16 maio 2007

O leitor (im)penitente 15


Au plus fort de l’orage, il y a toujours un oiseau pour nous
rassurer. Cést l’oiseau inconnu. Il chante avant de s’envoler.

RENÉ CHAR
(Rougeur des matinaux)


Pois é: René Char. Duvido que haja traduções nacionais mas também não faz mal. Lê-lo no original é um prazer e sempre se aprende algum francês. Acreditem ou não foi assim que comecei o meu italiano (ah Salvatore Quasímodo...) e o espanhol: briosamente a ler e tentar perceber, teimar, teimar, irritar-me e finalmente, num relâmpago, aperceber-me do milagre da palavra. No italiano, confesso que também serviram os filmes e as belíssimas mulheres que os povoavam. Partilhei com o doutor Orlando de Carvalho uma infinita e desesperada paixão pela Eleanora Rossi Drago. Ele ficou-se por aí, era mais fiel. Eu perdi-me por mais um belo quarteirão de actrizes a que nem sequer escapou a Ana Magnani. De todo o modo, o que importa é que o italiano já cá canta: ora aqui está uma coisa em que os fins justificam os meios.
Char, dizia. Um poeta imenso, uma constelação mesmo. Com Éluard, Saint John Perse, Prévert, Reverdy e mais uns quantos fez a minha felicidade como leitor.
Agora parece que faz 100 anos. Continua tão fresco como no momento em que me atrevi a comprar “fureur et mystére” numa ediçãozinha da Gallimard. Fui pelo livro e, milagre!, comprei-o há quarenta redondos anos. Agora dou-me ao luxo de ter a edição da “Pléiade”, adquirida nos anos noventa por dez brasas!
Ora bem: saiu em França um numero especial da Telerama sobre Char. Um belo número, um “hors-série” pimpão e muito ilustrado. Preço honrado, diga-se. Vai daí mandei vir uns exemplares para oferecer a uns amigos que comigo andam embarcados nesta maré alta da poesia. Um deles vai directo para o JAB. Não sei porquê mas ele é menino para ficar a gostar do Char se é que o não conhece. Saravah, J.A.B., amigo: o Char seguiu com uns livrecos a servir de contrapeso, como se dizia nos talhos de antigamente.

2 Comecei a ler uma tese de doutoramento.

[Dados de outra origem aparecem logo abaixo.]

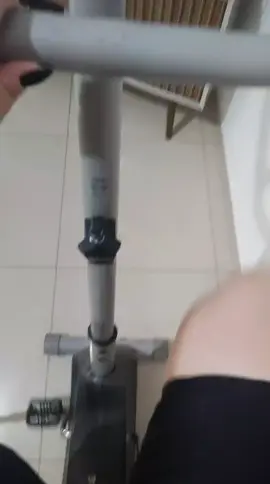 focada no que importa 🔥    tem gente q achou que uma perna ia me impedir de viver 😌 me segue aqui no tiktok, Please 😃 #amputadafeliz #muletasaventureiras #bicicletaergométrica  #amputadadebomhumor #meseguenotiktok 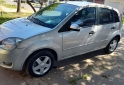 Autos - Ford Fiesta 2004 Nafta 175000Km - En Venta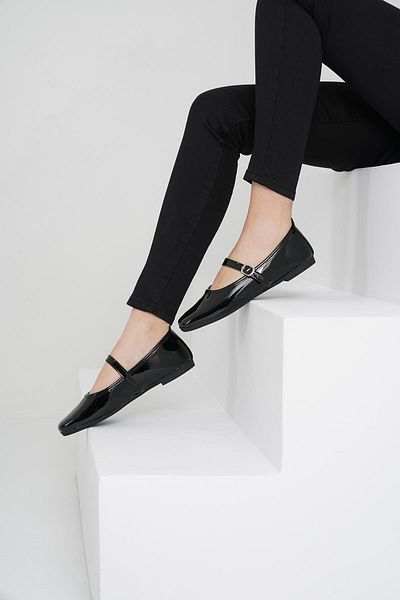 Beyond Women's Black Patent Leather Daily Buckle Low Heeled Comfortable Ballerinas Byndmrj01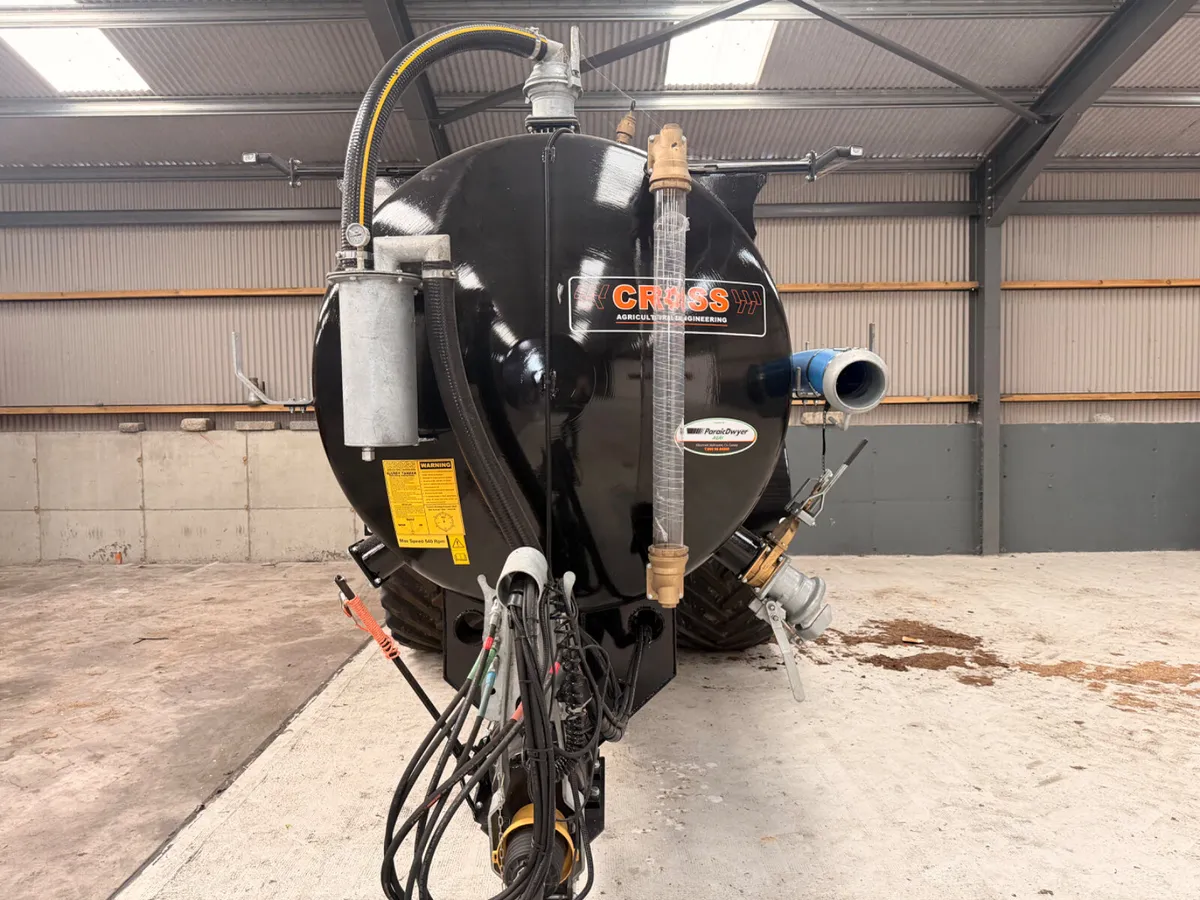 Cross 2250 Tanker & 7.6 Meter Flexi Shoe - Image 3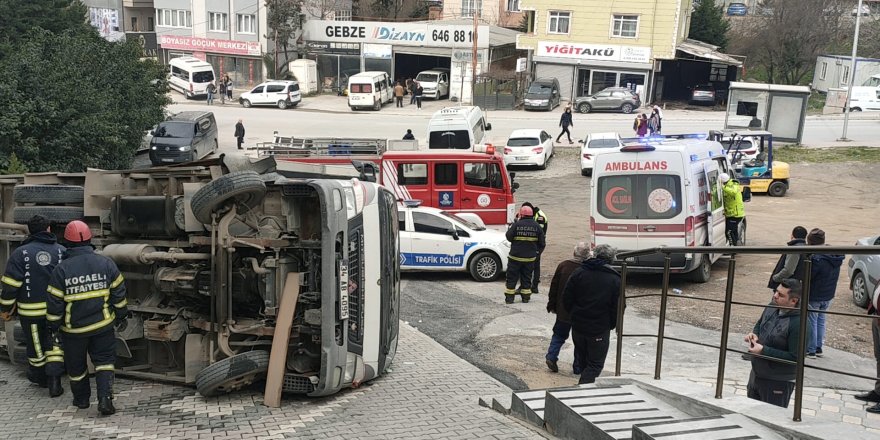 Fayans yüklü kamyonet devrildi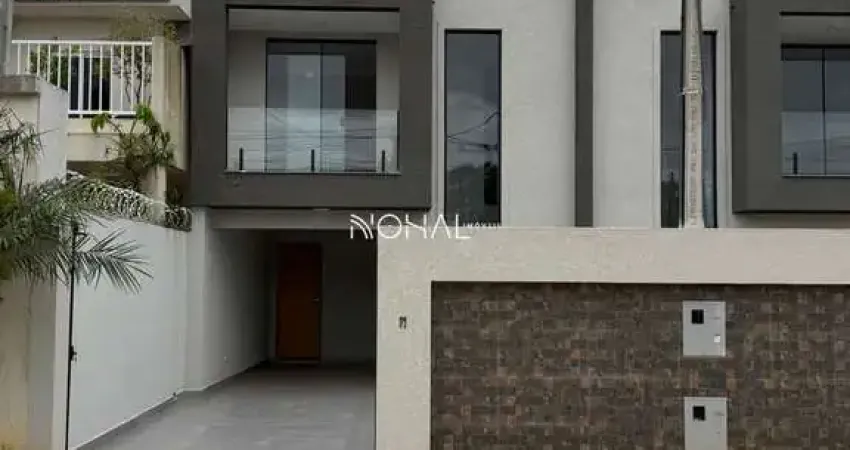 Casa com 3 quartos à venda na Rua Ucrânia, 1490, Uvaranas, Ponta Grossa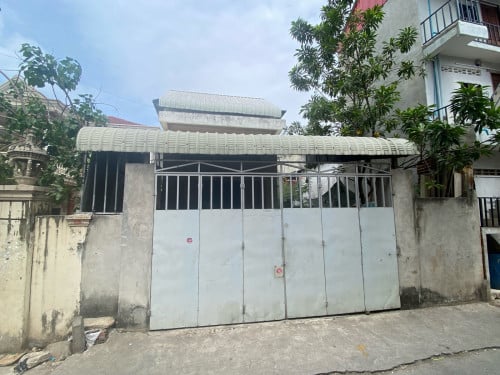 ក្បាល 8m បណ្តោយ 19m ទីតាំងជិតផ្សារស្ទឹងមានជ័យថ្មី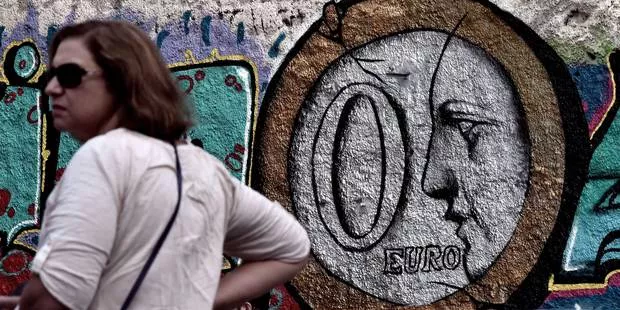 A la plage ou au café, les Grecs continuent de vivre mais le coeur n'y est pas.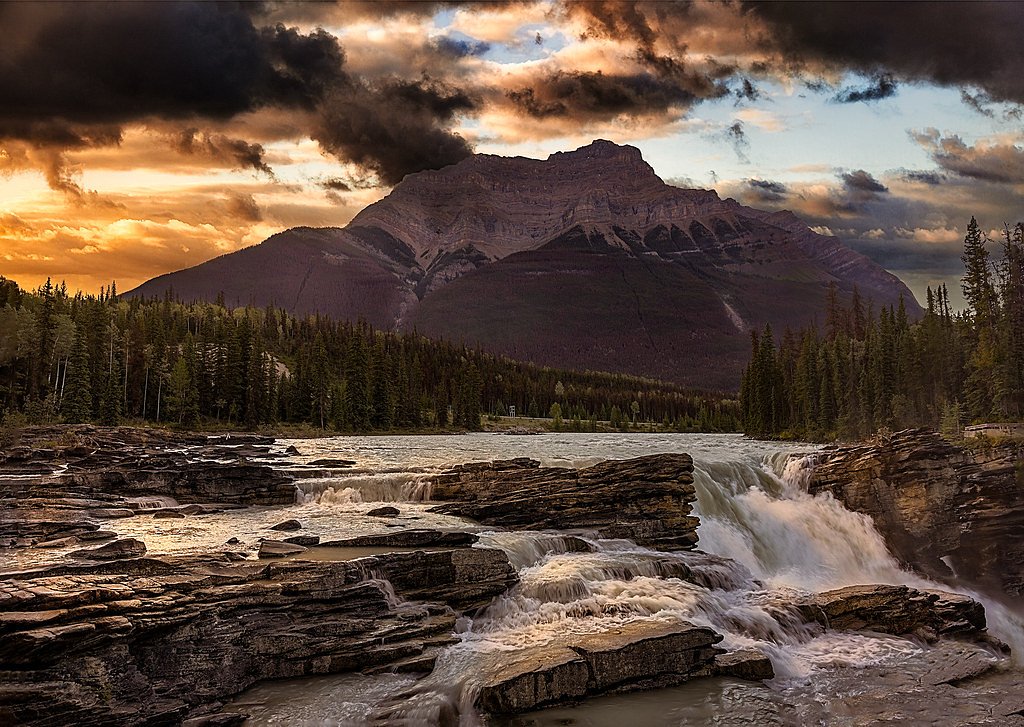 Athabasca Falls waterfall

Não dei em maluco, não senhor, que aquilo flui como água corrente. 600 páginas sobre “António José da Silva, criação e realidade”. O seu autor? Um tal José Oliveira Barata, um desses velhos amigos possuído pelo gosto do teatro. E escreve bem, o diabo do homem! E eu que, em teses de doutoramento, só tinha apanhado valentes chatices ou melhor: coisas interessantes mas escritas com os mimosos pés dos autores: uma linguagem truculenta, a armar em carapau de corrida a fugir do escabeche, enfim, um sudário, um velório, o que queiram mas escrita é que não. Claro que o JOB escreveu um segundo volume e para aí trezentas páginas de notas que não lerei, juro. Felizmente vem quase todas no no fim e a malta assim balda-se a tais trabalhos. E as que estão em texto é dar uma olhadela oblíqua a ver se valem a pena para um leitor ignorante como eu. Em não parecendo interessantes, zás, passamo-las por alto e em frente que atrás vem gente.
O livro em dois gordos volumes traz como editor o Serviço de Documentação e Publicações da Universidade de Coimbra e data de 1985. Eu apanhei-o de borla depois de um almocinho também de borla em casa do autor. E de um arroz doce feito pela Dona Fernanda, que nem vos digo nem vos conto. Ai a minha dieta.

3 As edições Quasi são um caso! A gente de vez em quando lobriga um voluminho de poesia com o logótipo da editora mas há que procurar muito e com muita paciência. Vamos lá a ver o que a feira do livro nos traz porque estou que ardo para ler “Nenhum lugar e sempre” do Rui Namorado. Só por acaso soube do livro e na minha livraria favorita já não havia. Por uns dias vou esperar pela feira e em encontrando a barraquinha dos editores vai tudo raso. Compro o que houver, se houver. De todo o modo, cito o título porque o RN, fora ser um preguiçoso de marca registada, escreveu alguns belos poemas que muito me agradaram. Tenho o pressentimento que estes mais recentes não me irão desiludir. Pressentimento? Quase uma certeza! Saravah Rui!

A ilustração é obviamente a capa do tal número especial da Telerama. Se fosse cá trazia o Herman José... Credo!